▸ Task directions
For every record, give an exact copy that has no pictures in it.

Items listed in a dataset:
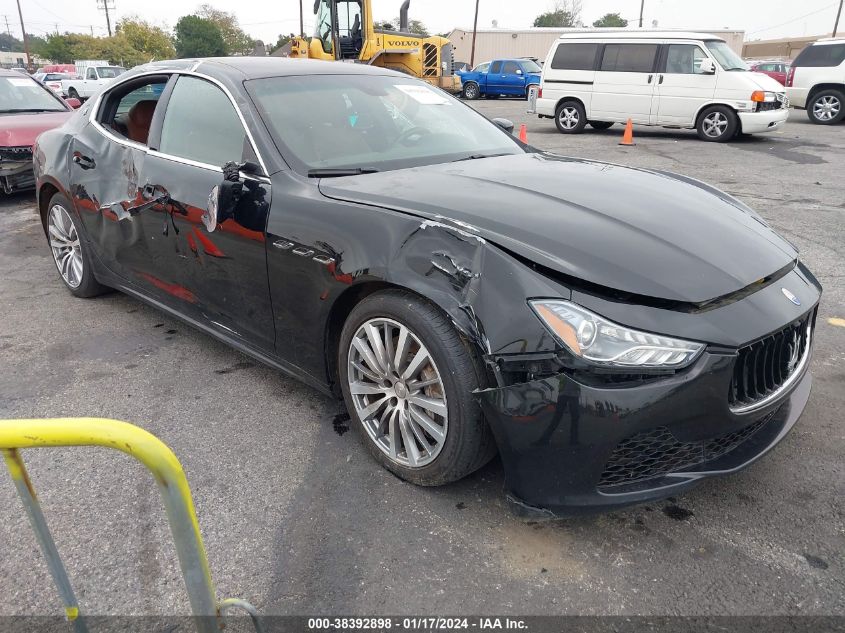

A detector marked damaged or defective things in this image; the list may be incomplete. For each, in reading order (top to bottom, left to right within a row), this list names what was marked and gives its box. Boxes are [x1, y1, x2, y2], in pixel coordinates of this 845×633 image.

damaged black car [36, 56, 820, 516]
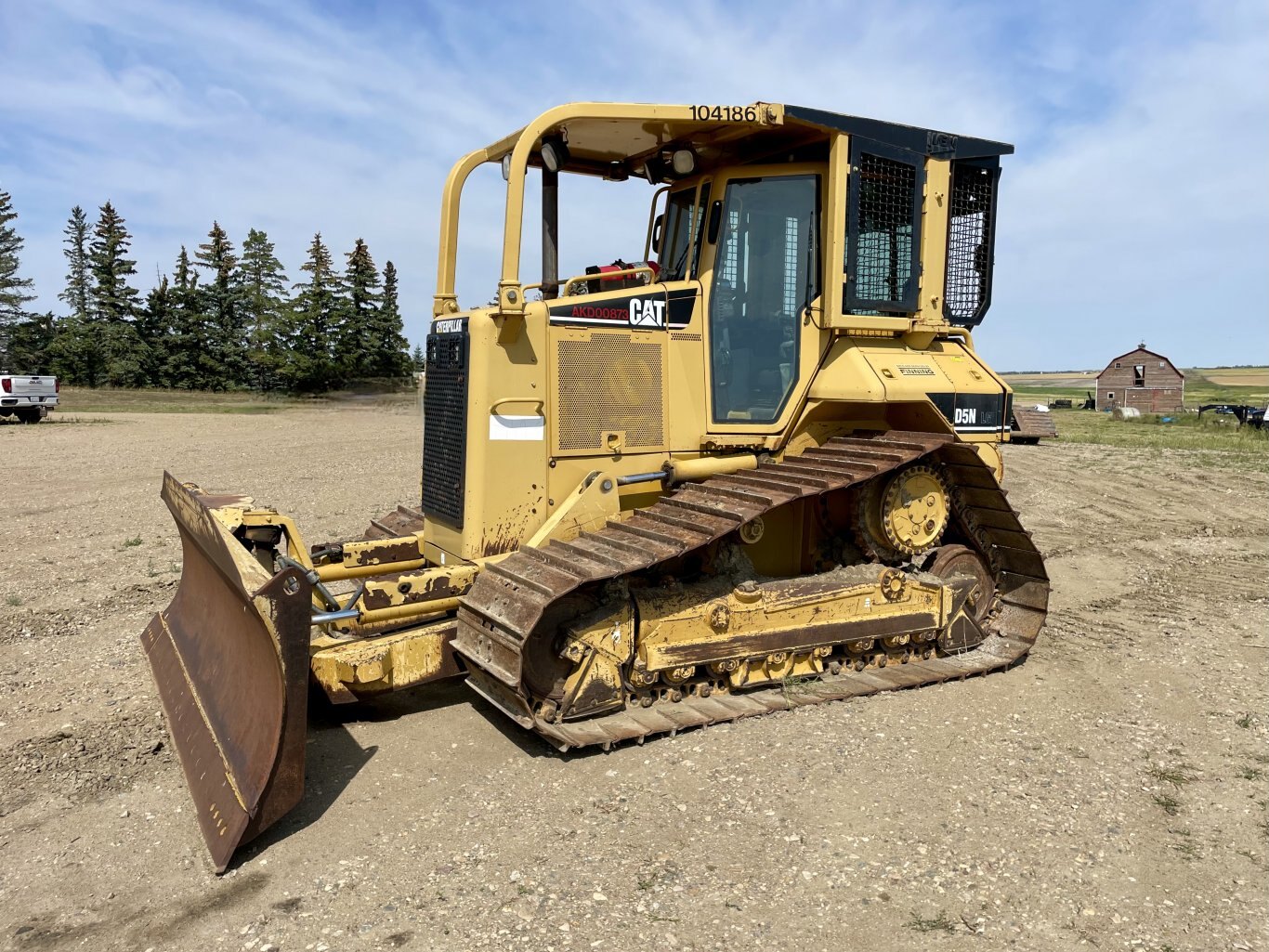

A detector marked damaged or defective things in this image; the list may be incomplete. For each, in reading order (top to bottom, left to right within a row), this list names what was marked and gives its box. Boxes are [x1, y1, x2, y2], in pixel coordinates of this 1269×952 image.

rusty blade surface [141, 475, 312, 878]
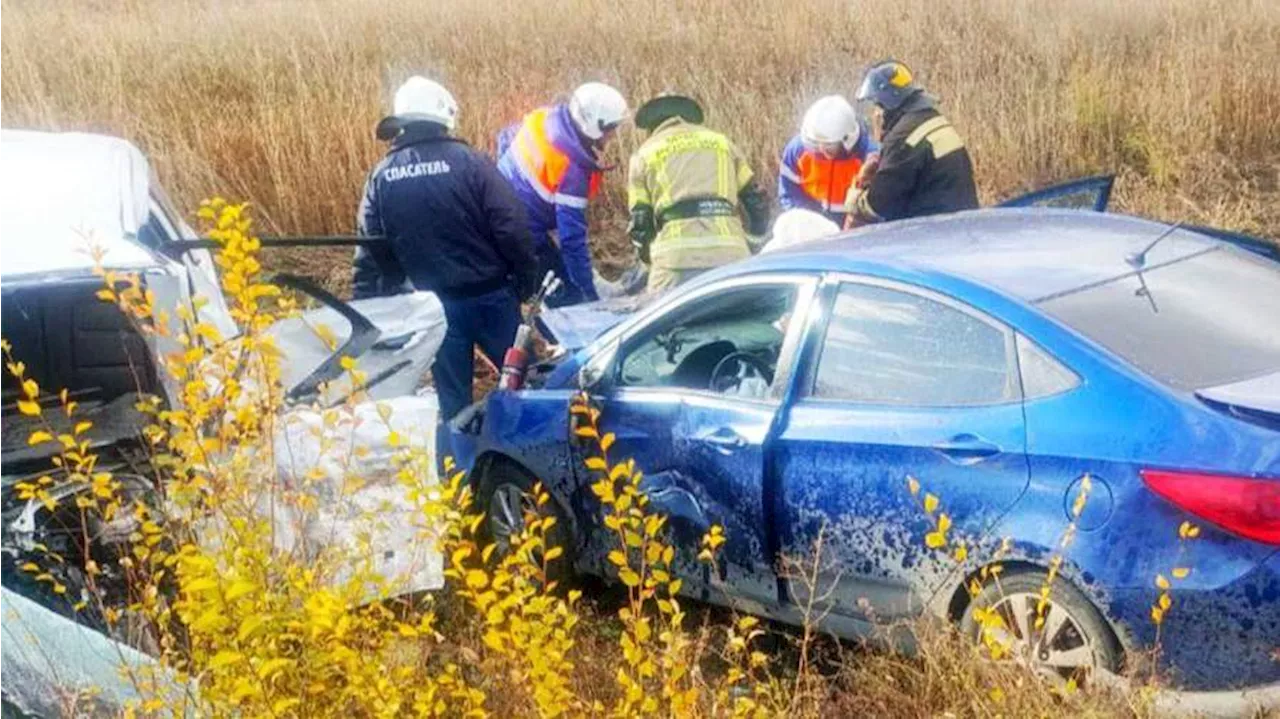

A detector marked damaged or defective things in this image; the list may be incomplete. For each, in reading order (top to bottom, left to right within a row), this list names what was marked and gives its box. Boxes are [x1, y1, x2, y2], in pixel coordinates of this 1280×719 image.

damaged car [0, 132, 450, 716]
damaged car [456, 197, 1280, 716]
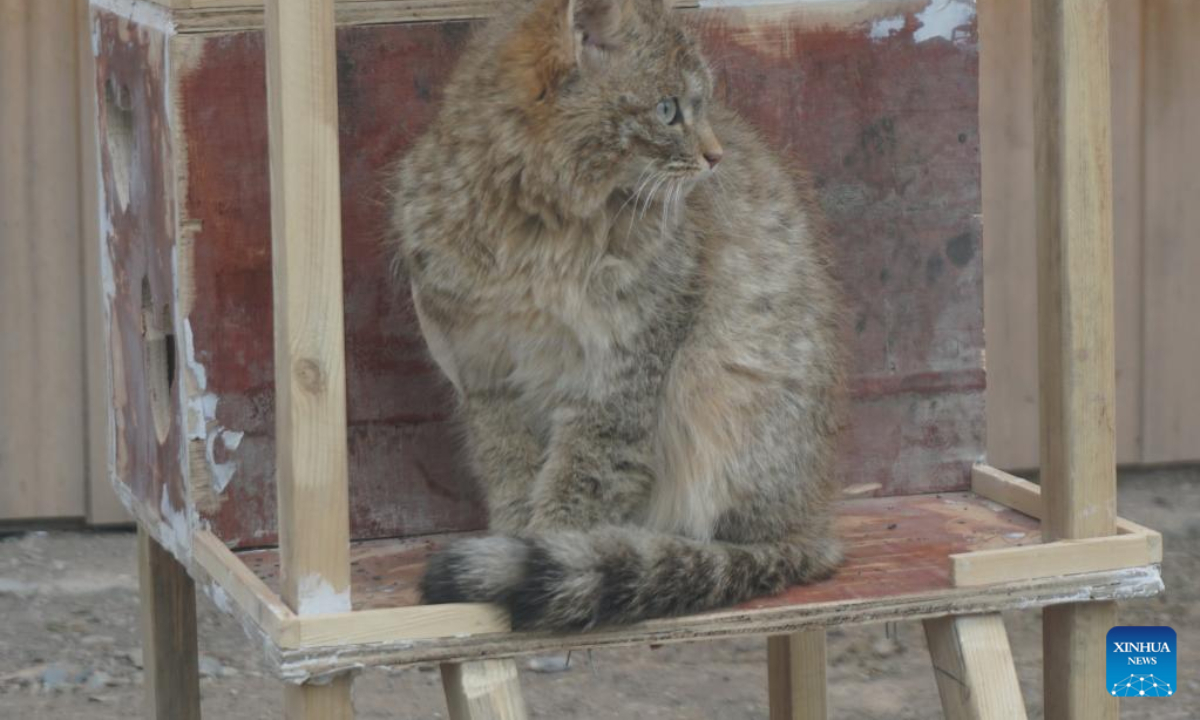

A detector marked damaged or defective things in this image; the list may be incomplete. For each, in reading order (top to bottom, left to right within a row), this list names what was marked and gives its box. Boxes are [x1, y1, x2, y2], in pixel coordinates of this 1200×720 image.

peeling white paint [907, 0, 974, 43]
peeling white paint [298, 576, 352, 614]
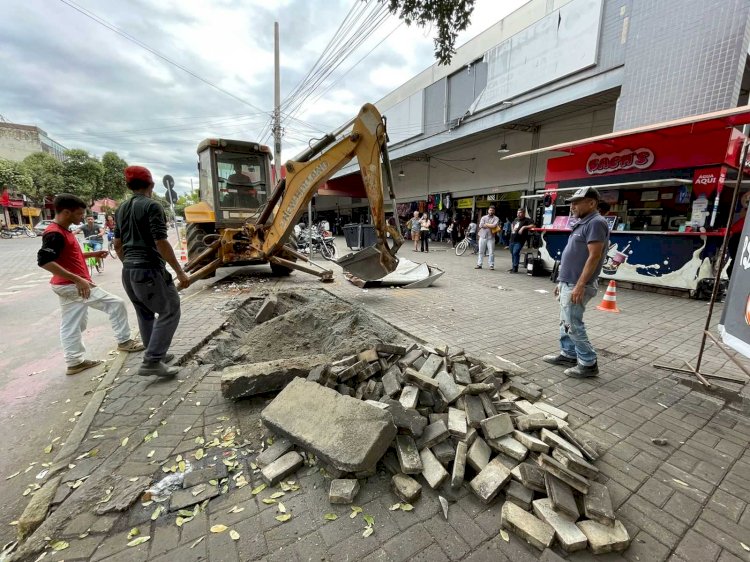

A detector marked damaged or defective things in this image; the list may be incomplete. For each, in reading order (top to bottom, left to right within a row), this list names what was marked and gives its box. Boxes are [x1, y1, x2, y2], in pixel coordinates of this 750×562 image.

broken concrete brick [256, 294, 280, 324]
broken concrete brick [220, 354, 332, 398]
broken concrete brick [258, 436, 296, 466]
broken concrete brick [260, 448, 304, 484]
broken concrete brick [306, 364, 330, 384]
broken concrete brick [262, 376, 396, 472]
broken concrete brick [330, 476, 362, 504]
broken concrete brick [384, 366, 402, 396]
broken concrete brick [382, 396, 428, 436]
broken concrete brick [394, 470, 424, 500]
broken concrete brick [396, 434, 426, 472]
broken concrete brick [400, 382, 424, 410]
broken concrete brick [406, 366, 440, 392]
broken concrete brick [420, 354, 444, 376]
broken concrete brick [414, 418, 450, 448]
broken concrete brick [420, 446, 450, 486]
broken concrete brick [432, 438, 456, 464]
broken concrete brick [434, 368, 464, 402]
broken concrete brick [446, 404, 470, 440]
broken concrete brick [450, 360, 472, 382]
broken concrete brick [452, 440, 470, 488]
broken concrete brick [464, 392, 488, 426]
broken concrete brick [468, 436, 496, 470]
broken concrete brick [470, 456, 512, 504]
broken concrete brick [482, 410, 516, 440]
broken concrete brick [490, 434, 532, 460]
broken concrete brick [506, 480, 536, 510]
broken concrete brick [508, 378, 544, 400]
broken concrete brick [520, 460, 548, 490]
broken concrete brick [516, 428, 556, 450]
broken concrete brick [516, 414, 560, 430]
broken concrete brick [536, 400, 572, 418]
broken concrete brick [544, 426, 584, 458]
broken concrete brick [548, 468, 580, 516]
broken concrete brick [540, 452, 592, 492]
broken concrete brick [556, 446, 604, 476]
broken concrete brick [588, 480, 616, 524]
broken concrete brick [502, 498, 556, 548]
broken concrete brick [532, 496, 592, 548]
broken concrete brick [580, 516, 632, 552]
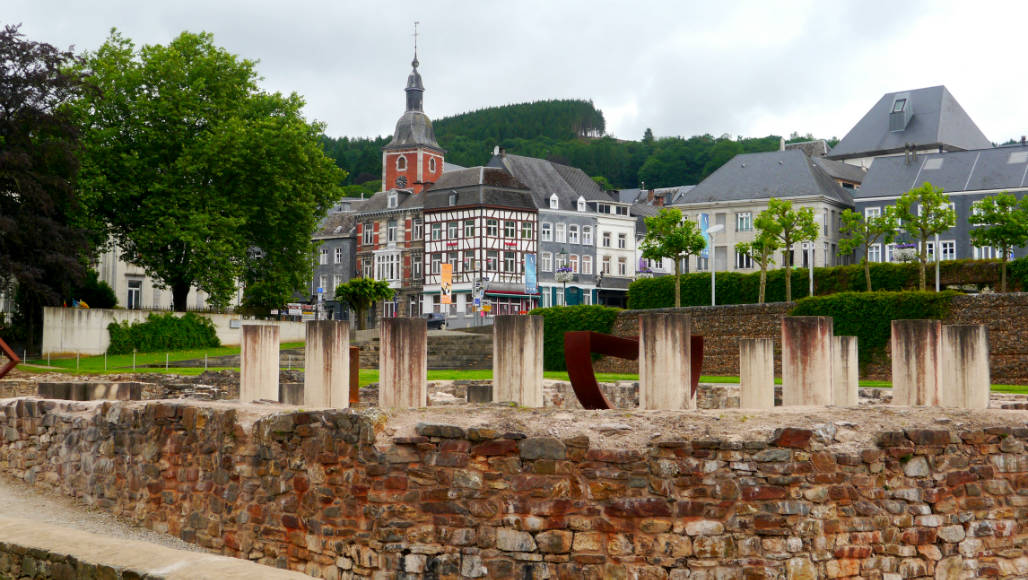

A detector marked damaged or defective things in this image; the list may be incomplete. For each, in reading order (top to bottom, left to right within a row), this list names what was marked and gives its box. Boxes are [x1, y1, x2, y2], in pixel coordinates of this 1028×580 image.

rusty metal sculpture [0, 335, 20, 380]
rusty metal sculpture [563, 333, 699, 409]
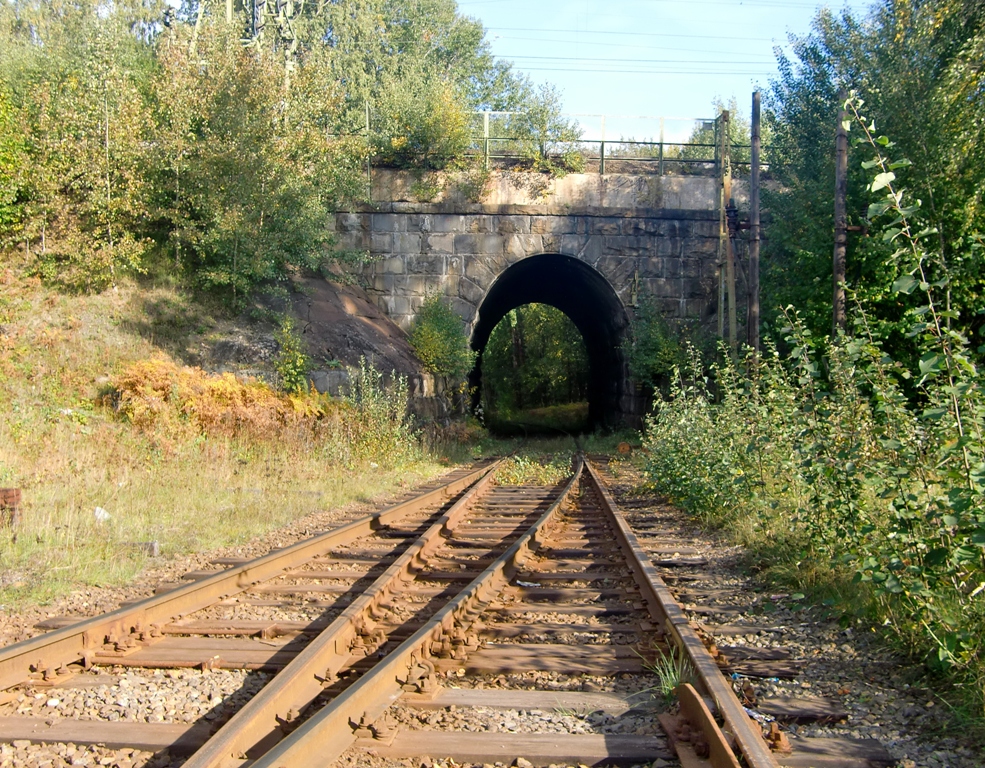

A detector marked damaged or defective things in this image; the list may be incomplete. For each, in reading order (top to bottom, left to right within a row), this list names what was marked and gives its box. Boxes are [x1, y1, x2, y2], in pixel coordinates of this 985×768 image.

▸ Task output
A detector marked damaged or defective things in this image; the list may be incomplete. For each, in reading order (top to bottom, left to right within a row), this list names what was marked and gives its box. Boxes are [x1, y1, x2, y2], in pixel coordinates of this 845×633 image.

damaged black car [36, 56, 820, 516]

A detector marked damaged or defective things in this image; the list may be incomplete. For each, in reading order (top to bottom, left to right within a row), this list names what was marked and gives its box. Boxes are [x1, y1, x2, y2], in pixel coordinates of this 1269×952 image.

rusty blade surface [141, 475, 312, 878]

A detector marked damaged or defective things in this image; the list may be incomplete. For each, in reading order (top to bottom, left to right within a row), this list names what was marked and gives its box. Boxes are [x1, y1, x2, y2], in pixel coordinates of this 1280×719 image.

damaged car [0, 132, 450, 716]
damaged car [456, 197, 1280, 716]

A detector marked damaged or defective things in this image; the list may be incomplete. For each, in reading order (top to bottom, left to right within a row), this list names what was marked and gives its box. Boxes are [x1, y1, x2, y2], in pixel coordinates of this 1200×720 image.

peeling white paint [907, 0, 974, 43]
peeling white paint [298, 576, 352, 614]

A detector marked damaged or defective things in this image; the list may be incomplete. For each, in reading order (top to bottom, left to right within a row), this list names what was marked and gives its box. Boxes are [x1, y1, x2, y2], in pixel coordinates of this 750×562 image.

broken concrete brick [256, 294, 280, 324]
broken concrete brick [220, 354, 332, 398]
broken concrete brick [258, 436, 296, 466]
broken concrete brick [260, 448, 304, 484]
broken concrete brick [306, 364, 330, 384]
broken concrete brick [262, 376, 396, 472]
broken concrete brick [330, 476, 362, 504]
broken concrete brick [384, 366, 402, 396]
broken concrete brick [382, 396, 428, 436]
broken concrete brick [394, 470, 424, 500]
broken concrete brick [396, 434, 426, 472]
broken concrete brick [400, 382, 424, 410]
broken concrete brick [406, 366, 440, 392]
broken concrete brick [420, 354, 444, 376]
broken concrete brick [414, 418, 450, 448]
broken concrete brick [420, 446, 450, 486]
broken concrete brick [432, 438, 456, 464]
broken concrete brick [434, 368, 464, 402]
broken concrete brick [446, 404, 470, 440]
broken concrete brick [450, 360, 472, 382]
broken concrete brick [452, 440, 470, 488]
broken concrete brick [464, 392, 488, 426]
broken concrete brick [468, 436, 496, 470]
broken concrete brick [470, 456, 512, 504]
broken concrete brick [482, 410, 516, 440]
broken concrete brick [490, 434, 532, 460]
broken concrete brick [506, 480, 536, 510]
broken concrete brick [508, 378, 544, 400]
broken concrete brick [520, 460, 548, 490]
broken concrete brick [516, 428, 556, 450]
broken concrete brick [516, 414, 560, 430]
broken concrete brick [536, 400, 572, 418]
broken concrete brick [544, 426, 584, 458]
broken concrete brick [548, 468, 580, 516]
broken concrete brick [540, 452, 592, 492]
broken concrete brick [556, 446, 604, 476]
broken concrete brick [588, 480, 616, 524]
broken concrete brick [502, 498, 556, 548]
broken concrete brick [532, 496, 592, 548]
broken concrete brick [580, 516, 632, 552]

A detector marked damaged or defective things in this image; the list may be incomplete. For each, in reading order (top to bottom, left to right within a row), this list names what was marked and gives its box. Boxes are [x1, y1, x2, y2], in pixel coordinates of this 1028×580 image.

rusty metal sculpture [0, 335, 20, 380]
rusty metal sculpture [563, 333, 699, 409]

A detector marked damaged or defective things in this image; the list may be incomplete. For each, in reading order (top to bottom, left to right within a row), this list names what was marked and gives its box. Boxes are [x1, y1, x2, y2], in pixel coordinates of this 985×768 image.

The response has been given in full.